All landlords should be required to register as a landlord and register the properties to be rented out in a national rented property register.
I don’t think this is something that can be left to local authorities as standards need to be imposed nationally. Otherwise, if different landlords in different areas are subject to different standards this will be perceived as unfair (as the current licensing fees regime is seen as unfair now).
If a landlord wants to manage his properties himself, then he would need to become accredited as a landlord. This could be based on the accreditation schemes that already exist. For example the UKLAP already has an accreditation system and training courses for their landlords.
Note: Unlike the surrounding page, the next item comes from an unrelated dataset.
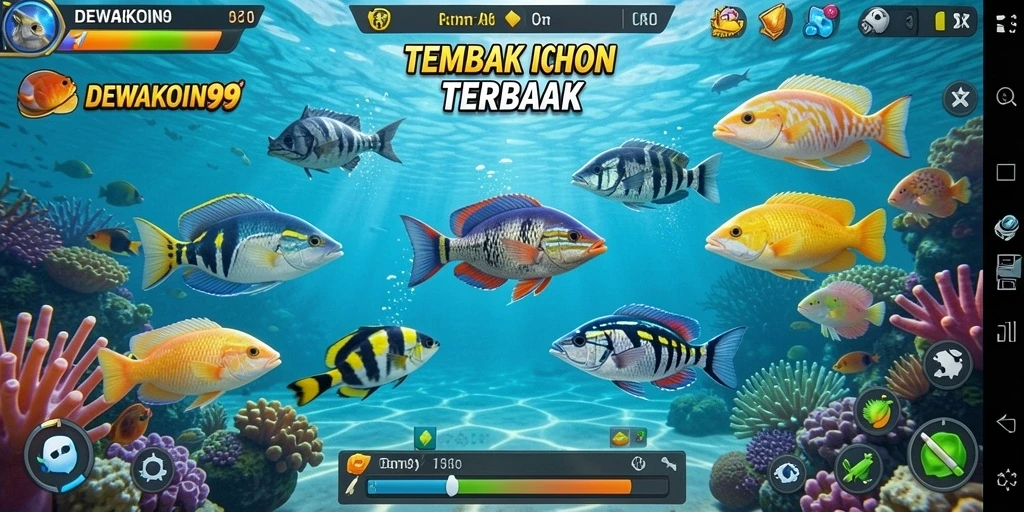 Tampilan gameplay DEWAKOIN99 dengan ikan berwarna-warni dan senjata yang menarik.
Any landlord who did not have the accredited landlord qualification would be required to use an accredited agent.
2. A national rented property register
All rented property would be required to be registered as a condition of being rented out. The landlord could either nominate himself as the manager (if he is accredited) or nominate an authorised letting agent.
Part of the register would be closed (for example landlords renting through an agent could choose to have their ownership kept confidential). Some records could be available just to tenants of that property, and others could be available to anyone conducting a search of the register.
All or part of the cost could be met from registration fees, fines for non compliance, and fees charged to anyone searching the register.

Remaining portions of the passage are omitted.